One of the main products from melting of the Earth's interior is basalt. Basalt underlies the ocean basins, forms the bulk of ocean islands, and is found throughout the continents. It is the closest we have to providing a window into the mantle, the vast volume of rock between the crust and core of the Earth. The Earth's mantle convects on a range of scales, and comprises several chemical reservoirs. Basalts formed by melting of these reservoirs provide information about the evolution of the Earth's interior. For example, mid-ocean ridge magmas tap the shallow, chemically-depleted upper mantle reservoir, whereas ocean island magmas tap mantle derived from deeper, more enriched reservoirs. This simple model has, however, been questioned. For example, some magmas erupted in Iceland, a classic hotspot/plume region, have been found to be chemically depleted. Similarly, some magmas erupted at the distal end of the Emperor Seamount Chain also are depleted, despite being associate with the long-lived Hawaiian hotspot and plume. Are these unusual compositions due to interaction between a deeply-sourced plume and the upper mantle, or is the depleted character inherent in the plume itself? Because of their different histories, we may expect these different depleted components (within plume mantle or upper mantle) to develop characteristic isotopic features, and indeed this has been argued on the basis of Hf isotopes.

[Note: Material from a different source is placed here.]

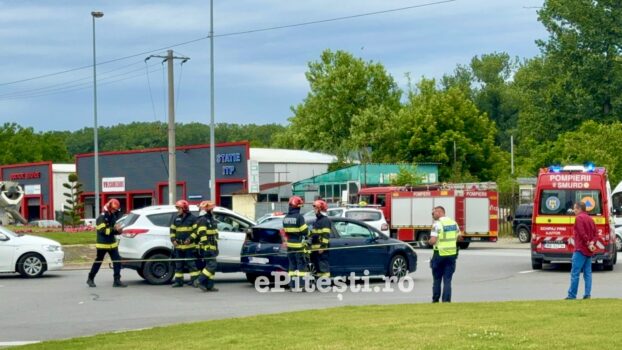 Pitești: Accident cu victimă în sensul giratoriu! Trafic haotic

The Louisville Seamount Trial, recently drilled during IODP Expedition 330, provides an opportunity to test the idea that depleted components may be incorporated in plumes. Expedition 330 recovered >800 m of rock from 5 seamounts at the older end of the Trail, emplaced during the late Cretaceous. Importantly, the seamounts were emplaced through lithosphere of different ages and thicknesses. This is crucial, because the lithosphere controls the extent of melting in the ascending plume, which in turn controls the composition of the magmas. Plume mantle ascending beneath thin lithosphere melts more extensively; the melts sample the mantle more comprehensively, including more refractory, depleted components. Plume mantle ascending beneath thick lithosphere (e.g., present-day Hawaii) has a restricted melting regime and the melting samples the more fusible, enriched components. Results from Iceland and the older Emperor Seamounts concur with this; where the plume interacts with thin lithosphere, we see more of the 'depleted' mantle components in the erupted basalts. The Louisville Seamount Trail provides a similar opportunity.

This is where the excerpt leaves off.